Posted September 2, 2024 by Nicky in Reviews / 2 Comments

Review – They Were Here Before Us

They Were Here Before Us: Stories from Our First Million Years

by Ran Barkai, Eyal Halfon

Genres: History, Non-fiction, Science
Pages: 208
Rating: four-stars
Synopsis:

An epic and highly readable investigation into our very earliest ancestors, focusing on the land corridor thorough which humans passed from Africa to Europe and the evidence left behind of their lives and deaths, struggles and beliefs.

This is not a book about archaeological sites. We shall come across flint tools, bones, skulls, surprising structures, and layers of earth that we can date to different periods—but they are not the heart of the matter. This book is about us, human beings, and about our place in the world. About what we have done, where we came from, which other humans used to be here, why they are no longer with us, and how and why our lives have changed. It’s also about where we went wrong. What did early humans do because they had no choice and what is the price we paying for this now?

Taking as the focus ten sites in Israel, the land corridor through which the human species passed on its journey from Africa to Europe, the story ranges far and wide from France, Spain, Turkey and Georgia to Morocco and South Africa, North America, Columbia and Peru. The authors follow the footsteps of our ancestors, describing the tools they used, the animals they hunted and the monuments they built. Fascinating revelations include:

- The earliest evidence of human use of fire;
- The meaning of cave art and the transformative effect of touching rock;
- The woman for whom 90 tortoises were sacrificed;
- What happened in the Levant following the disappearance of elephants;
- The monumental tower built at the lowest place on earth;
- Why we should envy modern hunter-gatherers – and much more ...

This provocative and panoramic book shows readers what they can learn from their ancestors, and how the unwavering ability of prehistoric people to survive and thrive can continue into the present.

There isn’t much in Eyal Halfon and Ran Barkai’s They Were Here Before Us that will come as much of a surprise if you’re already familiar with the stories of humanity’s origin, though they do mention a few new-to-me theories and go into some of the history of how things were discovered which I didn’t know. The broad strokes are familiar, but they write very clearly and explain things well.

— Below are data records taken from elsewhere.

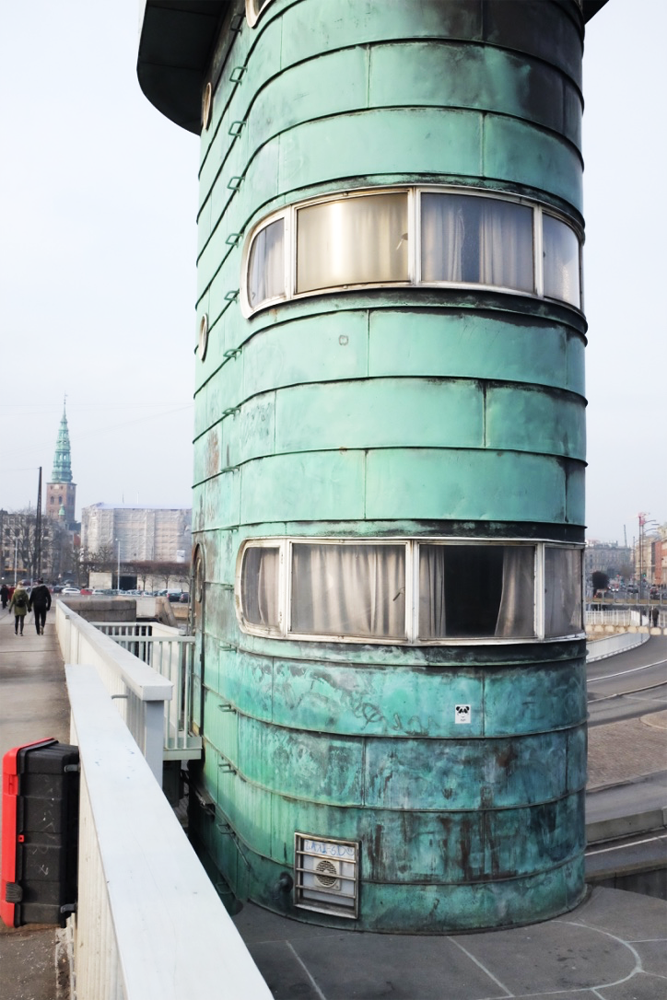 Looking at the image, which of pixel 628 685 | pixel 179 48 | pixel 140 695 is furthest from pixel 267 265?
pixel 628 685

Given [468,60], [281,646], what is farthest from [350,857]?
[468,60]

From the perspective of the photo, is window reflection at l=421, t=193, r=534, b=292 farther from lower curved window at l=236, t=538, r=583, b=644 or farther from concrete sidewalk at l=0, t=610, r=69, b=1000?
concrete sidewalk at l=0, t=610, r=69, b=1000

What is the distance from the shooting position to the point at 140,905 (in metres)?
2.54

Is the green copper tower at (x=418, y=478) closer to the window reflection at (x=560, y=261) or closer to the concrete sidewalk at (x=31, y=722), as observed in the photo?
the window reflection at (x=560, y=261)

At times there’s a touch of the travelogue, because they describe visiting various of the sites as part of giving their context, but it’s not the main point of the narrative.

They do some imaginative reconstruction in the course of this, trying to figure out why people might have put a swan’s wing here or built a tower there, but I felt like they didn’t go wild: they presented these ideas as theories, as a way of understanding the data, and it’s pretty clear when they’re guessing and when they’re stating a fact.

The book doesn’t have numbered references, but it does have a solid bibliography including both books and papers, most of which look reasonably well-related to the topic to my eye (though this isn’t my field).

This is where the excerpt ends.